▶ _Work to complete_:
The line with "So guys, they" marks the first line to copy, and the line with "So make sure your" marks the last. Transcribe that stretch of the data below exactly, without pictures.

▶ _Given information_:
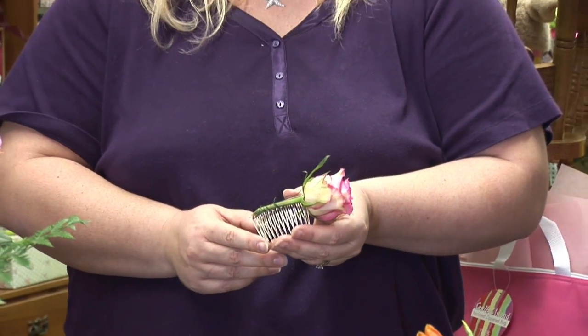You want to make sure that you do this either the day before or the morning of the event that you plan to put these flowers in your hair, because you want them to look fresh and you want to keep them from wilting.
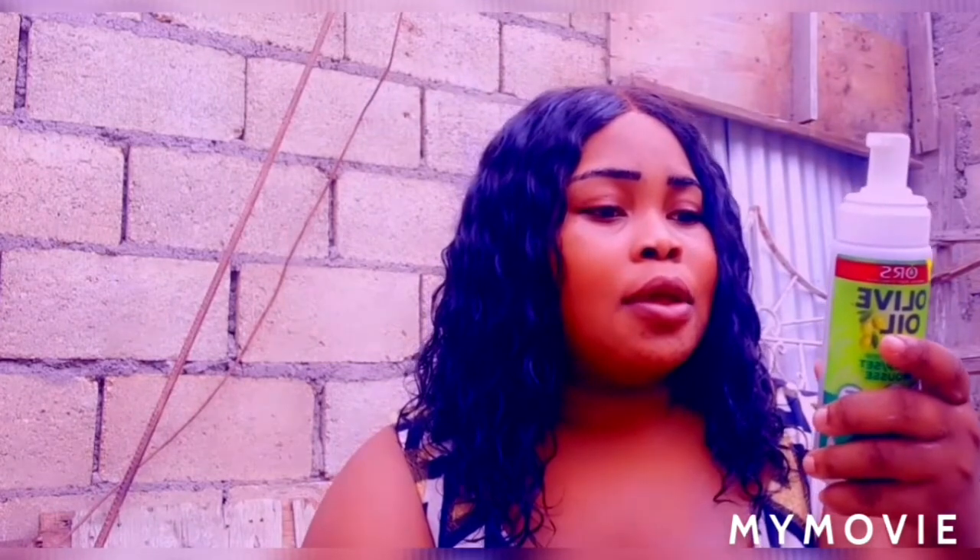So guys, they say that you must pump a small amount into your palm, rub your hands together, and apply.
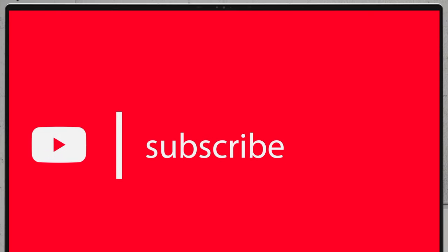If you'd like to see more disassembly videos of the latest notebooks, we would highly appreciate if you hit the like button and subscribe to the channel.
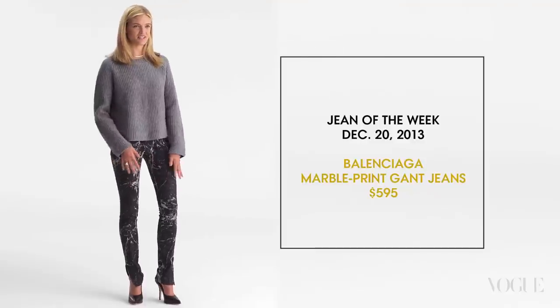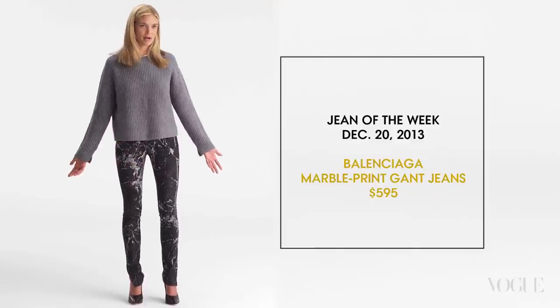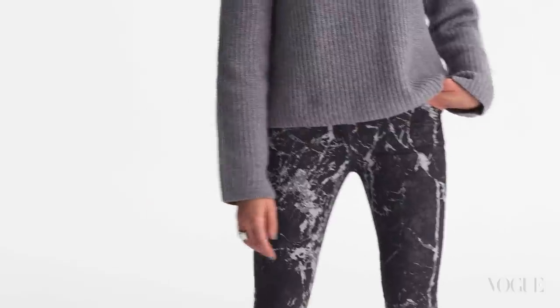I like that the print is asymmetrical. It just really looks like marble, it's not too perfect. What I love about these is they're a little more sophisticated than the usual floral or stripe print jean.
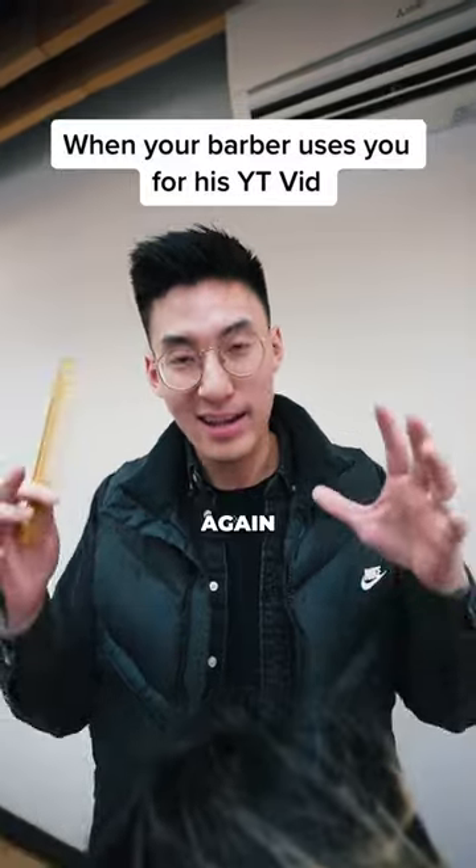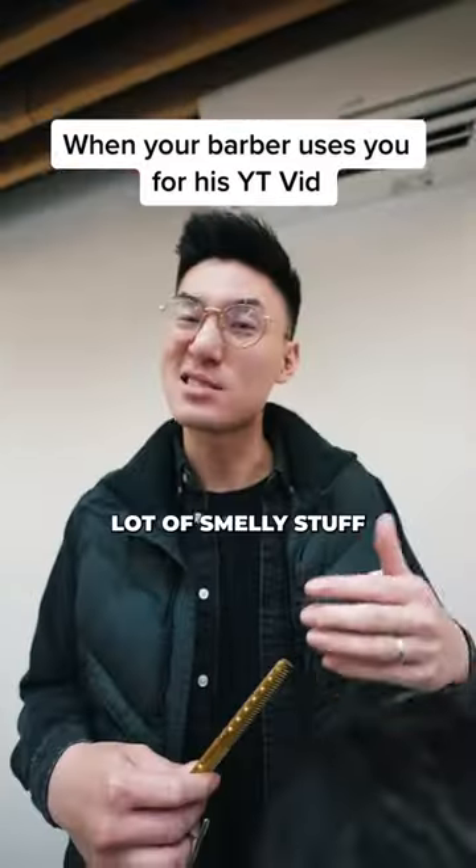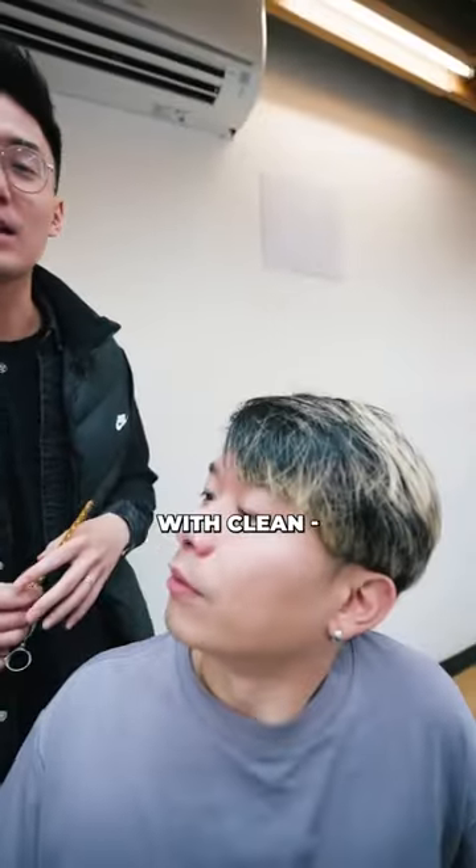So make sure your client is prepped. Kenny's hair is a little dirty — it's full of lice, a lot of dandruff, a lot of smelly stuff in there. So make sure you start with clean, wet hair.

==

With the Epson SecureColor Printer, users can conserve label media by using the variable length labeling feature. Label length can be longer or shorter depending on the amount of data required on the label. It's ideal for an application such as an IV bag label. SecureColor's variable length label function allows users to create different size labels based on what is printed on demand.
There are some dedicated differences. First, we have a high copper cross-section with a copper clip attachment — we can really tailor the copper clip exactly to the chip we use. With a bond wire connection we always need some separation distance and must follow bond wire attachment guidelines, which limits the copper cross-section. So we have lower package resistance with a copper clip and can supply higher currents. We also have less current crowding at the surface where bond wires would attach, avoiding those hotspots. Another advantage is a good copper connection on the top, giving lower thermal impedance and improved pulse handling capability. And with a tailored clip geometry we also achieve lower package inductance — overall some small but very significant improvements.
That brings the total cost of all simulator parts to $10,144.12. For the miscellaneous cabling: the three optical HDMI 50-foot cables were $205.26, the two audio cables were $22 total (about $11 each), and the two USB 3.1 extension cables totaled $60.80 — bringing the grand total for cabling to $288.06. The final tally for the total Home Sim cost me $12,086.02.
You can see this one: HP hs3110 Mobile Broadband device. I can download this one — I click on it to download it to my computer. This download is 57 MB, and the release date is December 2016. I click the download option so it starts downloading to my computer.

▶ _Answer space_:
So guys, they say that you must pump a small amount into your palm, rub your hands together, and apply.
If you'd like to see more disassembly videos of the latest notebooks, we would highly appreciate if you hit the like button and subscribe to the channel.
I like that the print is asymmetrical. It just really looks like marble, it's not too perfect. What I love about these is they're a little more sophisticated than the usual floral or stripe print jean.
So make sure your client is prepped. Kenny's hair is a little dirty — it's full of lice, a lot of dandruff, a lot of smelly stuff in there. So make sure you start with clean, wet hair.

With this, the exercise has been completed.